--- ACTIVITY ---
Your copy should contain exactly the lines from the one that holds "Фото приготовление рецепта: Яйцо" through the end of the material, reproduced as written, with no pictures.

--- INFORMATION PROVIDED ---
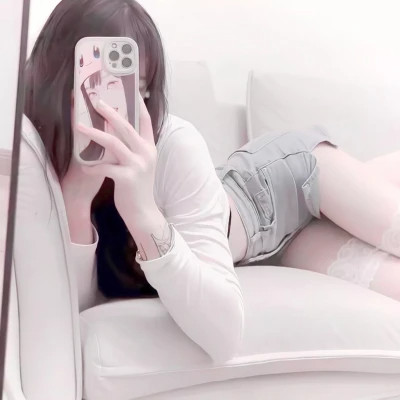 不露脸身材好的气质美女头像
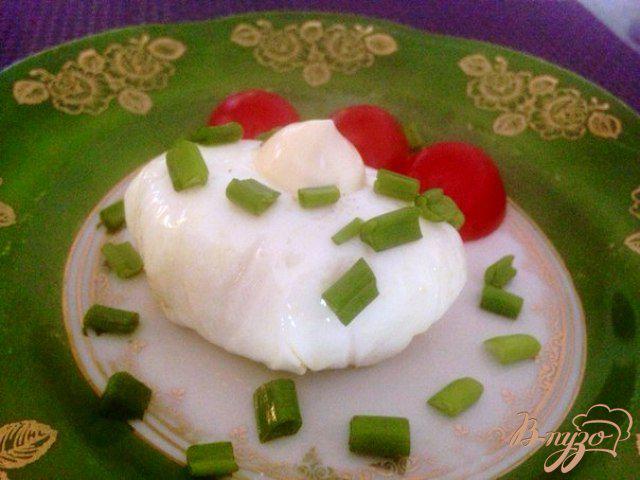 Фото приготовление рецепта: Яйцо на завтрак в мешочке шаг №6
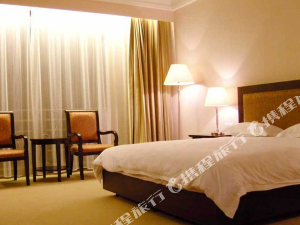 赣州龙南富业大酒店
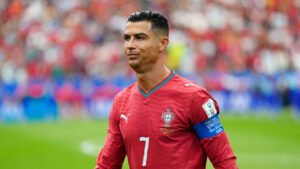 Ronaldo’ya “Messi” tezahüratları!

--- ANSWER BOX ---
 Фото приготовление рецепта: Яйцо на завтрак в мешочке шаг №6
 赣州龙南富业大酒店
 Ronaldo’ya “Messi” tezahüratları!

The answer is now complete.